ABOUT THIS EXERCISE: When you reach the line with "Spooky Malti Tzu", transcribe it and each line after it through the last one below, exactly. Pictures stay out.

INFORMATION SHOWN:
-- -- --

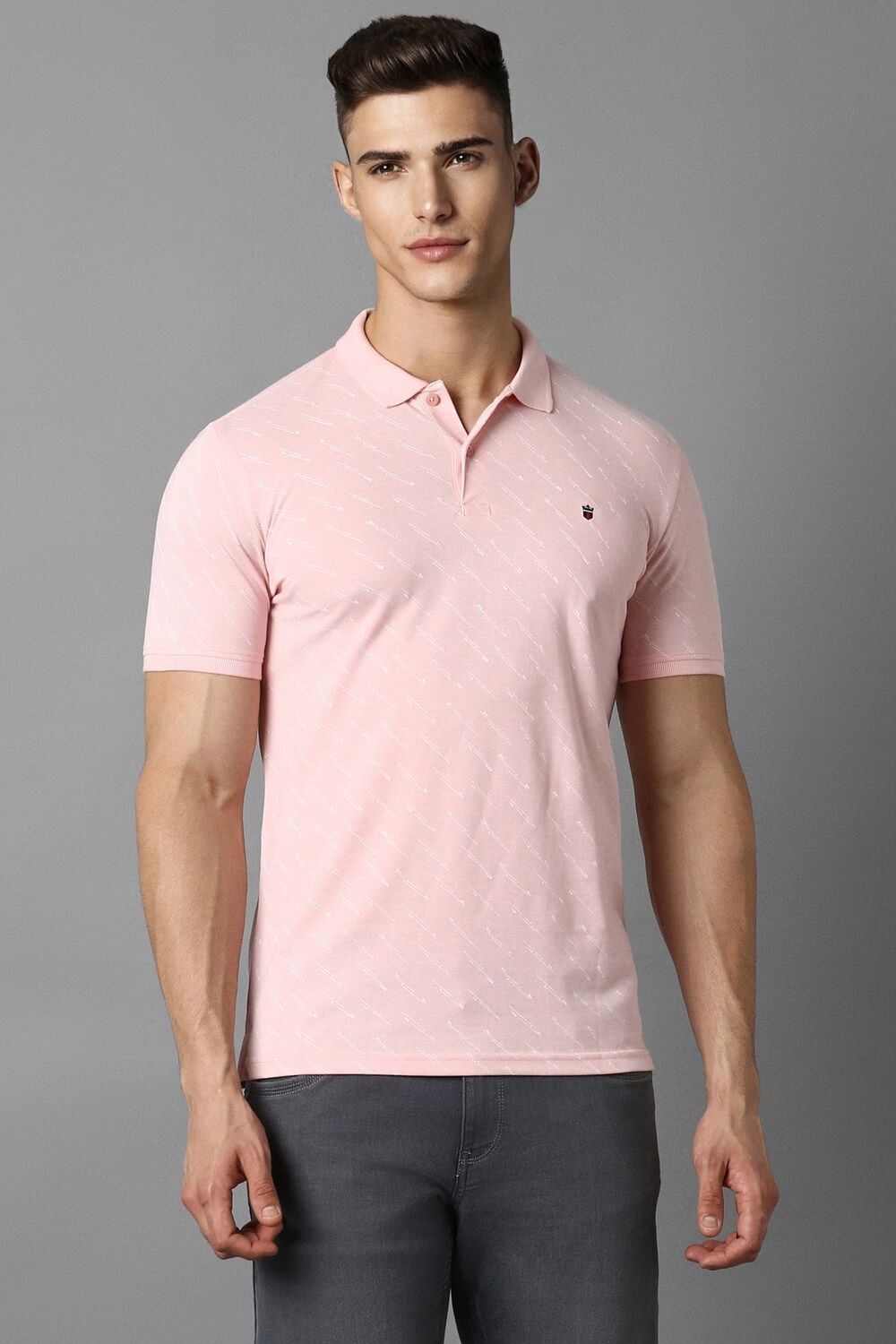Men Pink Print Polo Neck T-shirt-Pink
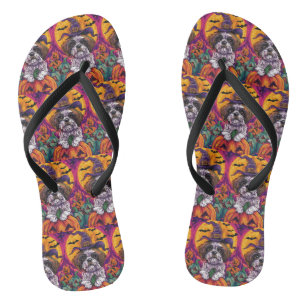 Spooky Malti Tzu Dog Halloween Witch And Pumpkin Flip Flops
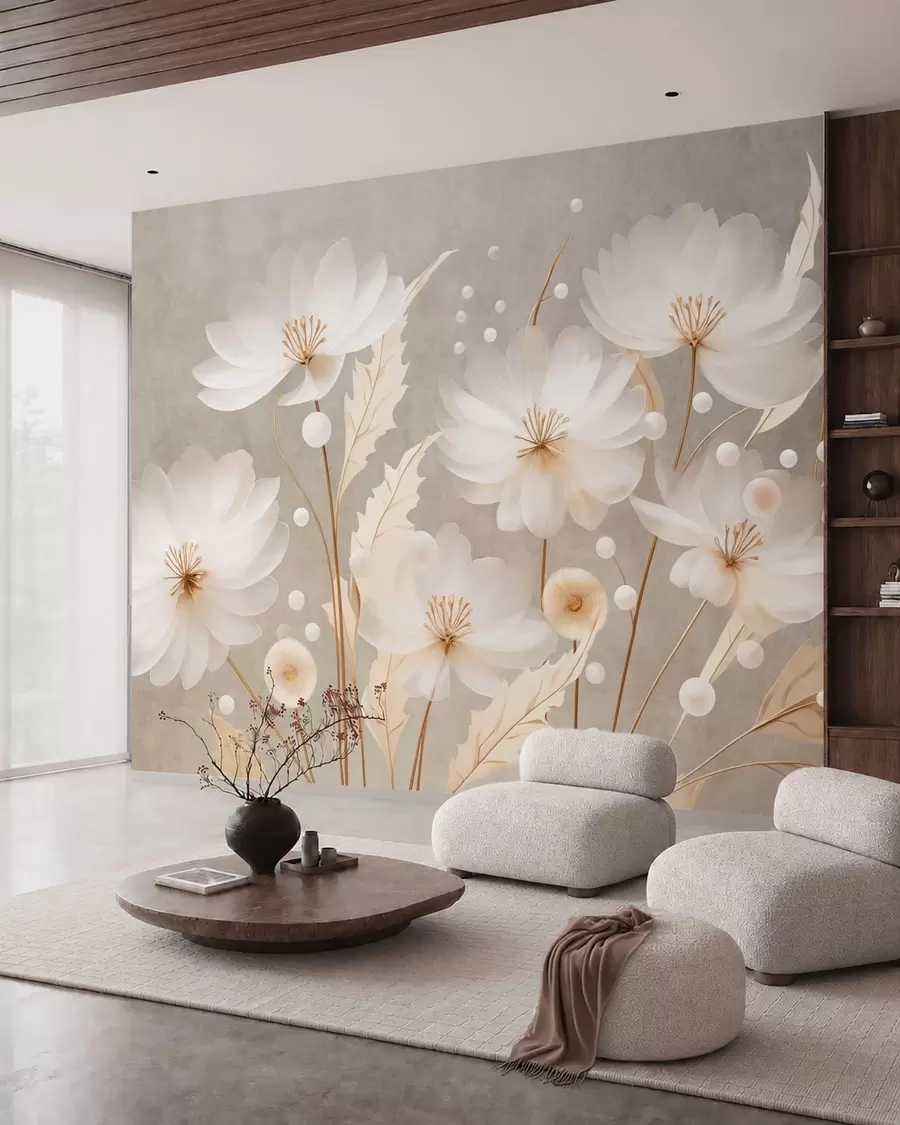 murais de parede Grandes flores brancas com folhas decorativas sobre um fundo cinza w05857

-- -- --

SOLUTION FOR THIS EXERCISE:
 Spooky Malti Tzu Dog Halloween Witch And Pumpkin Flip Flops
 murais de parede Grandes flores brancas com folhas decorativas sobre um fundo cinza w05857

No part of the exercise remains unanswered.